With the raffles and sales they hold during Aggie football games, the Valley of the Sun A&M Club raises enough money to provide a Maricopa County student with $1,000 per semester to attend Texas A&M.
And any member of the Club can host the whole thing, with the complete kit stored in a rolling tool chest. Merchandise and swag like Valley of the Sun A&M Club T-shirts, receipts, record-keeping — it’s all in there, and any officer or member who hosted the last event can just drop it off to whoever’s hosting the next one.
“To give officers breaks, we try to ask volunteers to host like one event,” says Ann Johnson ’08, the Club’s social chair for the past several years. It gets people involved quickly, and doesn’t require a year-long commitment. “It’s just, ‘Can you come to this game and host it? Which game do you know you’re going to be at?’” Ann says. They even get the little kids involved by getting them to pick the raffle winners.
We met up with them Aug. 30 for dinner at the Social Tap in Scottsdale, which is where their watch party will be held Sept. 3 for the UCLA game. During A&M’s first game last year, they raised $380 for their scholarship with the raffle and merchandise sales.

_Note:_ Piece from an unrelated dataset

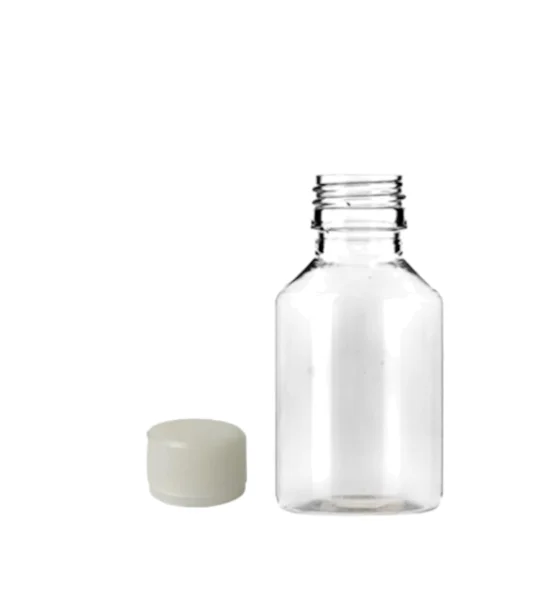 100ml Veral Juice Bottles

Valley of the Sun A&M Club
- Upcoming event: UCLA game watch party, Social Tap Scottsdale
- Facebook: facebook.com/groups/252632928096458/
- Chartered: Jan. 18, 1978
- Aggies in area: 1,576
- Officer contact info: AggieNetwork.com/club-page/vosaz
Sandy Ballesteros ’01 has hosted a lot of the watch parties. She says, “When I first moved to Arizona (in 2015), I didn’t know anyone, and the first thing I did was look up the A&M Club. And that has been my family.” She’d been doing recruiting and membership work for the Capital City A&M Club in Austin, and says the Phoenix-area Club made it really easy to get involved. The first event she went to was an officer meeting posted online, and she jumped right in.

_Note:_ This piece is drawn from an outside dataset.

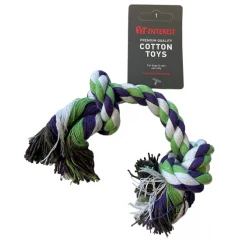 Σχοινί με 2 Κόμπους 16mm x 23cm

Club President Brad Diemer ’92 says, “We’re very informal here. Basically, you raise your hand, you volunteer here, you’re in.” He’s been president for “the past five or six years — we’re not counting!”
The Club hosts about 85 or 90 for Musters, with its most recent Muster selling out a whole barbecue restaurant. Club game-watching events can pull 100 people.
Brad says, “The big games bring people, and the problem we have here is the weather gets good. Come October, people get busy on the weekends” with hiking, nature, golf and other outdoor pursuits.
“We have nine months here when you can’t find better weather, and who wants to be inside?”
The Club is good at what it does best. “We don’t have a big fundraiser like a golf tournament; we would need the volunteers to do that,” Brad says. “We haven’t pursued this organization to make it a big organization; we pursued it to make it a functional organization. And it functions — it brings people together.”
There are no membership fees. Ann says, “Phoenix is very transient, people moving in and out, and it makes it very hard for the Club to have a core,” as does the size of the metro area; it can take an hour to an hour and a half to get from the northwest to southeast regions. The Club tries to hold events near the center.
“One of the reasons I joined, when I first was coming to events, i felt new in town, i felt on the outside and I was so driven by not wanting others to have that experience that I got involved,” Ann says.
“I work every single event. I go around and and shake everyone’s hand and make sure that Aggie spirit is there.
“Because you know, we may all be Aggies, but some of us are shy!”